**ACTION ITEM:**
Write out, exactly and in full, the records given below, but not their pictures.

----

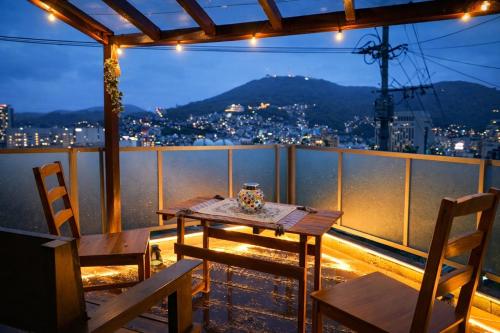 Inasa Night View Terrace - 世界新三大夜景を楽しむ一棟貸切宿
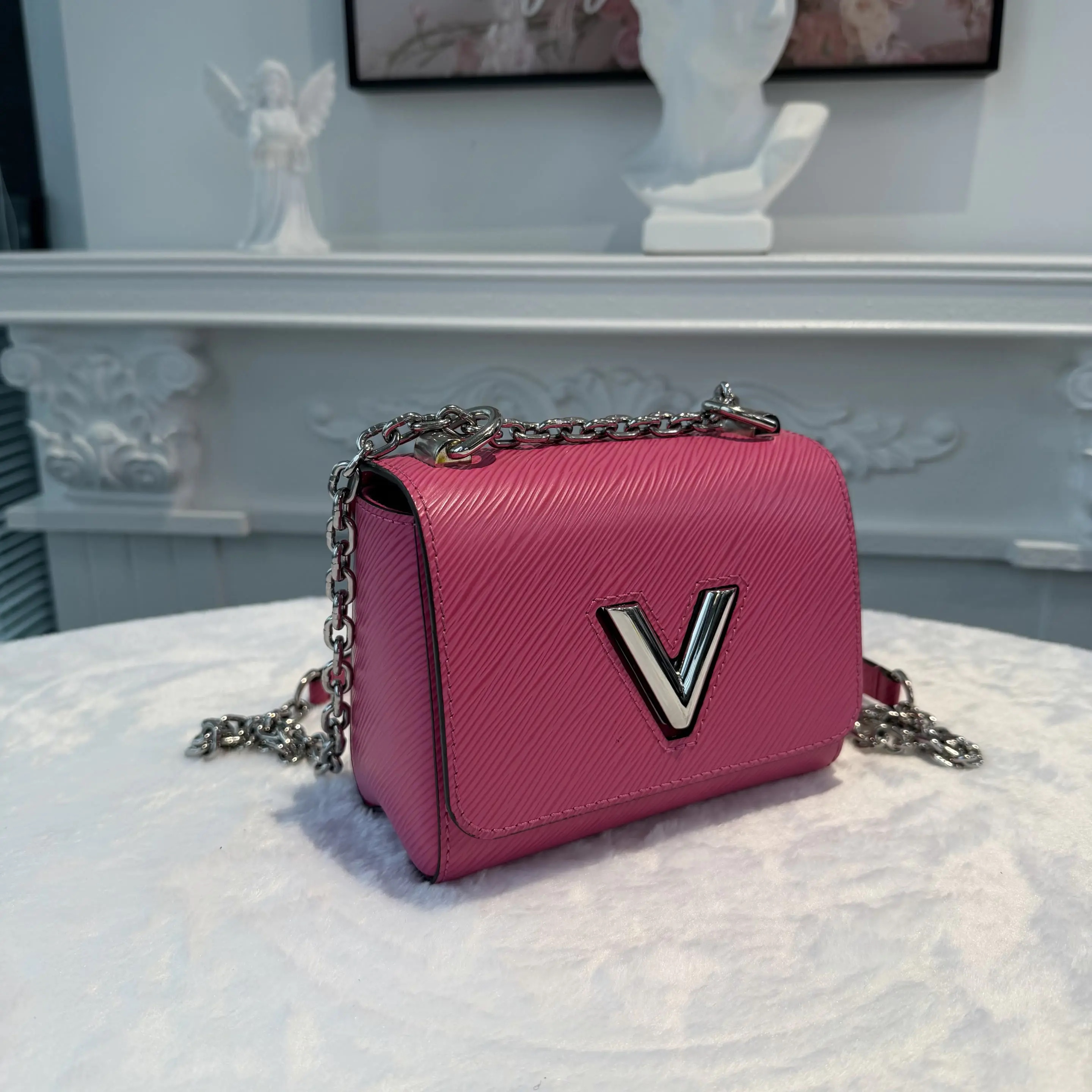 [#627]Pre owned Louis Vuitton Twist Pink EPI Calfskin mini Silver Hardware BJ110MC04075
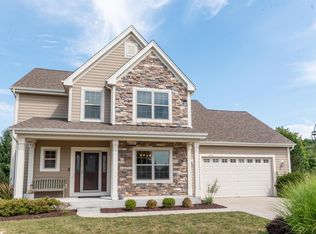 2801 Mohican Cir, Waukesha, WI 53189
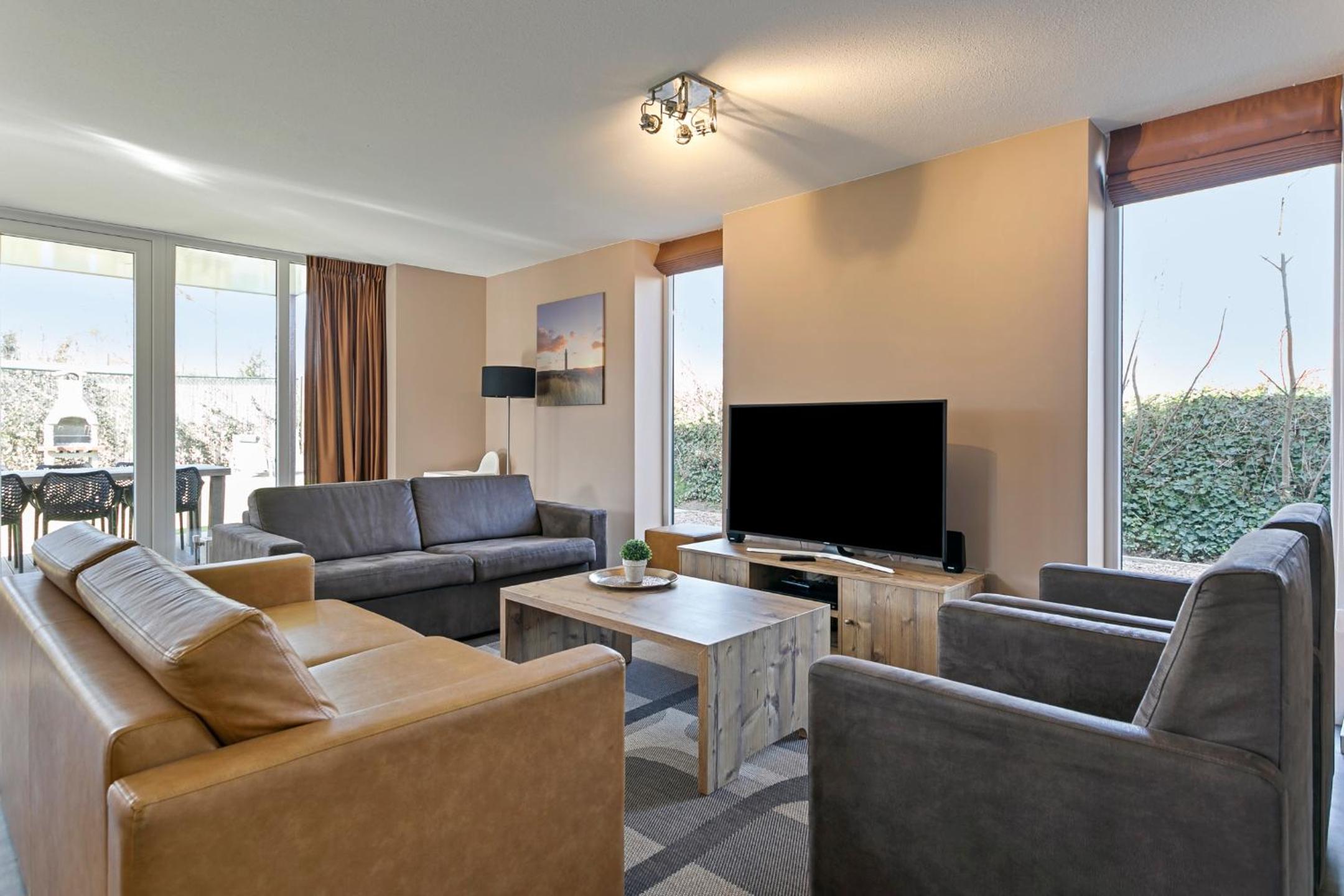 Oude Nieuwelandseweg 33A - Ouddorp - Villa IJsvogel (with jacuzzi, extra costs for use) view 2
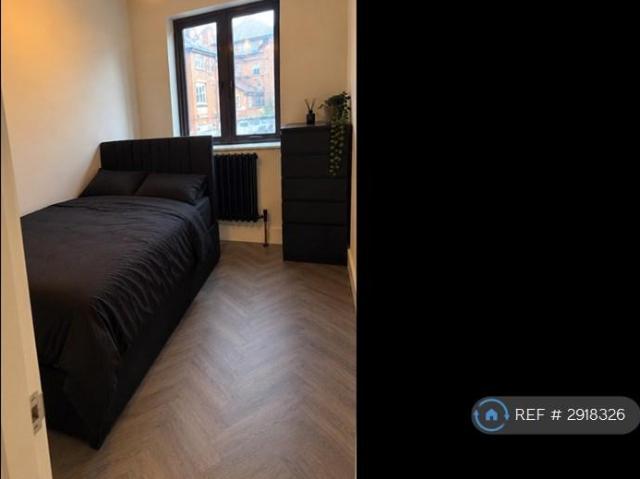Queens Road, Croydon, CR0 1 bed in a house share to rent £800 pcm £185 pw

----

**TASK RESPONSE:**
 Inasa Night View Terrace - 世界新三大夜景を楽しむ一棟貸切宿
 [#627]Pre owned Louis Vuitton Twist Pink EPI Calfskin mini Silver Hardware BJ110MC04075
 2801 Mohican Cir, Waukesha, WI 53189
 Oude Nieuwelandseweg 33A - Ouddorp - Villa IJsvogel (with jacuzzi, extra costs for use) view 2
Queens Road, Croydon, CR0 1 bed in a house share to rent £800 pcm £185 pw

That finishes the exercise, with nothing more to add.